*WHAT IS REQUIRED*
In the records that follow, find the line containing "Apto mobiliado com" and the line containing "Adidas Swift Run", then transcribe both and every line between them exactly, omitting pictures.

*RECORDS SUPPLIED*
--------------------------------
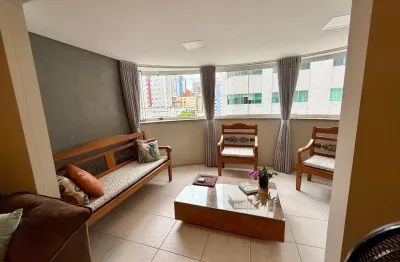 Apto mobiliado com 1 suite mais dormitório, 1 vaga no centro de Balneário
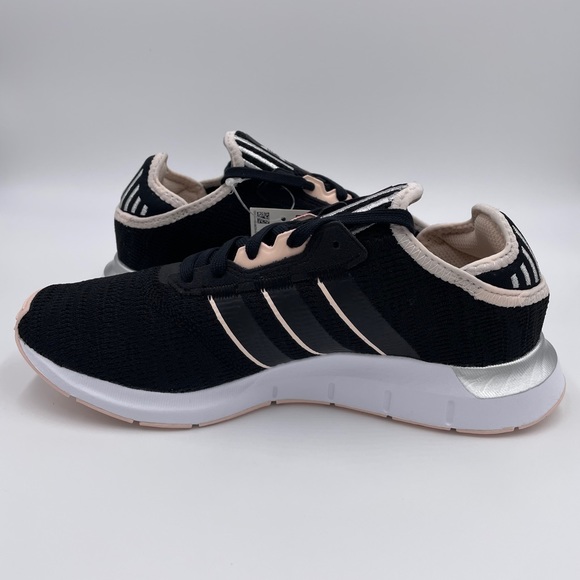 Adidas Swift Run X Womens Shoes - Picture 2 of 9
--------------------------------
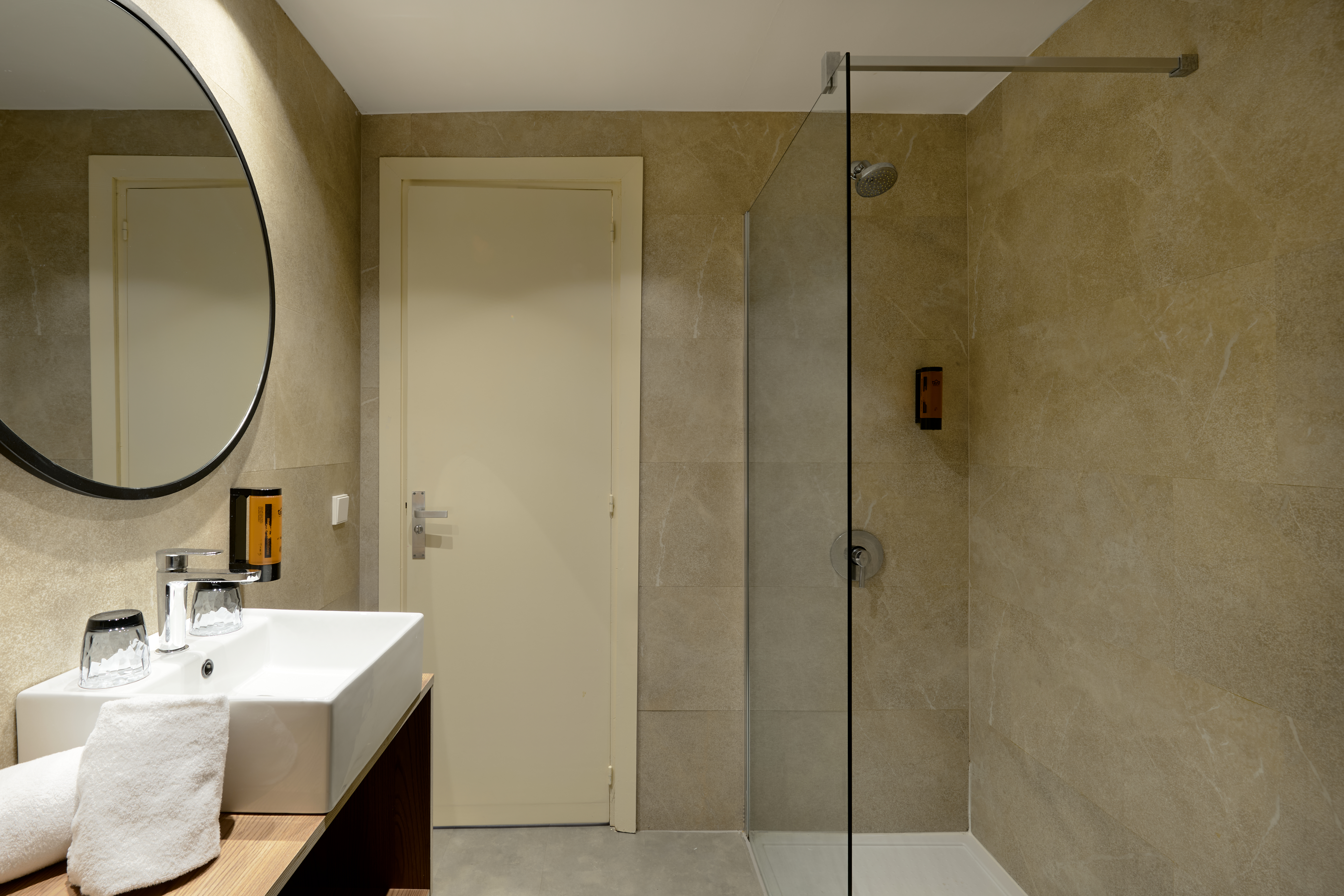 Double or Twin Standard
--------------------------------
*ANSWER FOR THIS EXERCISE*
 Apto mobiliado com 1 suite mais dormitório, 1 vaga no centro de Balneário
 Adidas Swift Run X Womens Shoes - Picture 2 of 9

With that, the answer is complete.